His shop is in complete contrast to the wainscoting and dusty-relic school of decor still favoured by the elders of the tailoring business. It’s more like a living room, except that the shelves are filled with shirts and ties and sweaters instead of books. There are invariably one or two people sitting round exchanging jokes and insults. Music comes from the cutting room in the back. Anguished phone calls come from clients who have had one lunch too many and need their trousers let out. Black London cabs come to ferry suits to Claridges or the Dorchester or the Los Angeles flight from Heathrow. Sales representatives come for a five-minute call with their wool and linen and cashmere and leather, and stay for half an hour and a cup of tea. It is not in the least daunting, and I say that as one who’s daunted very easily.
Hayward himself is as relaxed as his shop. Unlike most tailors, who wear suits of such rigid perfection that they don’t look real, he is handsomely dressed in clothes that can clearly cope with the normal range of bodily movements. (Some English tailors, to this day, are so conscious of their heritage of eighteenth century military tailoring that their suits are only really happy when standing at attention.)
The next pleasant surprise is that you are never aware of being inspected for sartorial crimes. You can turn up for a fitting in shorts and a Hawaiian shirt without raising any eyebrows. I once saw a customer dressed only in a shirt, tie and jacket, having a cup of coffee while his trousers were being pressed in the back room. In this sort of atmosphere, it is almost impossible not to feel at home. The process of ordering a suit is therefore what it should be—that is, informal, friendly, and unhurried. It happens more or less like this.
Your first visit will probably last about an hour. Most of this time will be spent chatting with Hayward. By the time the tape measure finally comes out, he will have some ideas about cloth and cut. Unless you have very precise requirements—and most men don’t—it is always best to go along with what he suggests. Someone has to be in charge of the suit, and he’s better at it than you are.
He takes you into the back to be measured. The process is as devoid of trauma as anything involving waist measurement can be, because by now you’re discussing the respective merits of hopsack or flannel, raised seams, side vents, concealed ticket pockets and that most intimate of matters—whether your genitals prefer to be housed to the east or the west of the zip. In tailoring language, this is called dressing to the left or the right, and an extra accommodation is made in the appropriate trouser leg. As you can imagine, with all this going on, you are far too busy to notice the muttered instructions that are being jotted down in the book. The ordeal by tape measure is painless.
With the measurements taken, the cloth chosen and the style agreed upon, you leave Hayward to get on with it. He cuts your pattern and the actual material. His assistants assemble and stitch. Suits are made on the premises. (In fact, having served his time as a tailor’s apprentice, Hayward can make the entire suit by himself, which is rare and becoming rarer. There are now only four tailors’ apprentices in the West End of London, where there were once hundreds.)

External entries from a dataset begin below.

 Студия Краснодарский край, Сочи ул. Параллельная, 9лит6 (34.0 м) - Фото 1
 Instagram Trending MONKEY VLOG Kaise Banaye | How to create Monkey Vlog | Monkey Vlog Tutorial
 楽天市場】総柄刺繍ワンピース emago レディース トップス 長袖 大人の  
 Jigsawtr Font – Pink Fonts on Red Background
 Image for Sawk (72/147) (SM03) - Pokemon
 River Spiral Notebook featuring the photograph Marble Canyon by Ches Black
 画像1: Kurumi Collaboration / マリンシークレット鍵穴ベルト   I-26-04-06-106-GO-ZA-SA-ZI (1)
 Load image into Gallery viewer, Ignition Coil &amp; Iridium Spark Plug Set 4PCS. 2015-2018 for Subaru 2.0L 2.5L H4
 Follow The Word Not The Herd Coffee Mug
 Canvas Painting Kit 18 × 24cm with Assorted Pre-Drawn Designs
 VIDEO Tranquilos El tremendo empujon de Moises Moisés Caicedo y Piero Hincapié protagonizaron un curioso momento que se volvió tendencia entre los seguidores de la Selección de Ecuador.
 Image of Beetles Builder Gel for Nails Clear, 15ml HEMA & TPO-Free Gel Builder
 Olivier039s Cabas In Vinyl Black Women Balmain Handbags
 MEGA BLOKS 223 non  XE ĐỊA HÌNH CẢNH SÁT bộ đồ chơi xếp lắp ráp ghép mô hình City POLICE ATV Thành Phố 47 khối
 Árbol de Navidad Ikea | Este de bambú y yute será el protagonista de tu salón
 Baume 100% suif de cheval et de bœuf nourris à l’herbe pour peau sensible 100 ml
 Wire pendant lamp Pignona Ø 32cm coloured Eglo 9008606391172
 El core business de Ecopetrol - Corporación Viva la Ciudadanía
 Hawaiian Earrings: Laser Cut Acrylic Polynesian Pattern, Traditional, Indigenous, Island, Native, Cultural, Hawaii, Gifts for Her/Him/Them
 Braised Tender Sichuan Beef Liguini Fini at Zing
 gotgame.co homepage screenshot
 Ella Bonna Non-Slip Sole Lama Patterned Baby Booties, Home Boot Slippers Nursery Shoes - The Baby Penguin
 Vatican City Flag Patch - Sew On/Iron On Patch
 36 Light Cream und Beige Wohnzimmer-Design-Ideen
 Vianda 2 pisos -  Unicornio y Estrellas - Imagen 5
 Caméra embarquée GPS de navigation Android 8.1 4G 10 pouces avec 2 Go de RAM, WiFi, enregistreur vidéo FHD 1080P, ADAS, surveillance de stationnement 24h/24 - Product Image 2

A month or so goes by, and then you come back for the first fitting. This can be surprising unless you know what to expect, because no sooner are you casting a discreetly admiring eye at your reflection in the mirror than Hayward pounces on you, mouth bristling with pins, and rips the sleeves from the jacket. There follows a few hectic minutes of adjusting and pinning and scrawling hieroglyphics here and there on the suit with tailor’s chalk before he stands back in the manner of a sculptor casting a critical eye over a promising but unfinished chunk of marble. One final twitch of the chalk, and you and your suit part company until the next fitting. The suit will now be taken apart completely, seams pressed flat, adjustments made according to the coded chalk marks and then put together again, this time with the finished hand stitching that is one of the subtle but unmistakable marks of bespoke tailoring. A second fitting takes care of any vestigial tucks and wrinkles. (The entire process requires about six weeks, less for subsequent orders. Informal deliveries are made to the United States whenever Hayward goes to New York or Los Angeles. He usually arrives with twenty suits over his arm for American clients.)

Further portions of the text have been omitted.